Do you think, people (nuke, I am especially interested, given your knowledge, in your input) that that alone, the continuous attatchment of glutamate to its receptor, trapped there, but whilst said receptor is desensitized, would in and of itself, irrespective of the barb withdrawal would be excitotoxic? can a desensitized receptor still trigger action potentials, albeit of lesser amplitude? and would this, in that rather unusual mode of antagonism, have the potential to cause repetitive, sustained channel opening?

 

[Survived Abortion]

Bwahahaha Nuke, indeed, got it in one, although it was a combination of said piperidine and a solid dose of dihydrocodeine....That was the night I cautiously took it up to 5mg, which was too much for me personally, no overstimulation, just too long lived, don't think it was really the long life or potency that bothered me really, just too much of a drain on my arsenal of sedating and anaesthetizing agents when I decided to get some sleep, two weeks worth of a nitrazepam (5mg tabs) in a single dose, plus 20mg temazepam and a shot of vodka, and I couldn't even notice I had taken them, and on top of that, to finally put me out, it took repeated plugged doses of up to 10mg per, sometimes more, of tizanidine.

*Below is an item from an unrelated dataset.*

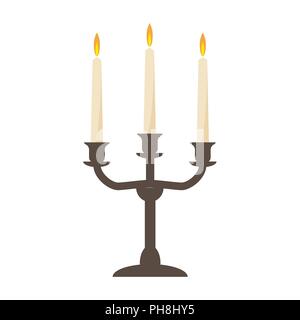 burning old candle vintage vector candlestick. Isolated On White Background Stock Vector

And you wonder why you've got memory problems?

It's the drugs, mate.

 

[Limpet_Chicken]

Lol, that was a one-off.

Usually the moggie script gets put in a drawer and saved for if they ever really are needed, I had lost my patience waiting for the desoxy to wear off, whilst titrating the dose.

Normally, I use the nitrazepam once to twice in two weeks.

 

[egor]

Anyone have more info on ampakine modulation of BDNF? I already have the articles on BDNF modulation from Drug Discovery, but any other sources would be appreciated.